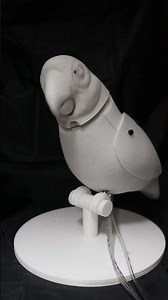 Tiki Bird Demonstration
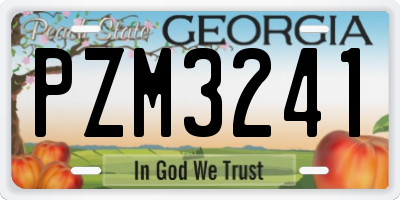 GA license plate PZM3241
------------------------------------------------------------
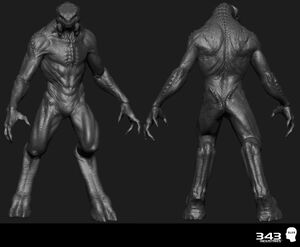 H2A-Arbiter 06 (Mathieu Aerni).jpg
------------------------------------------------------------
ACTIVITY
When you reach the line holding "Tiki Bird Demonstration" in the listing above, begin retyping exactly, and stop once the line holding "GA license plate PZM3241" is done; pictures stay out.

RESULT FOR THIS EXERCISE
 Tiki Bird Demonstration
 GA license plate PZM3241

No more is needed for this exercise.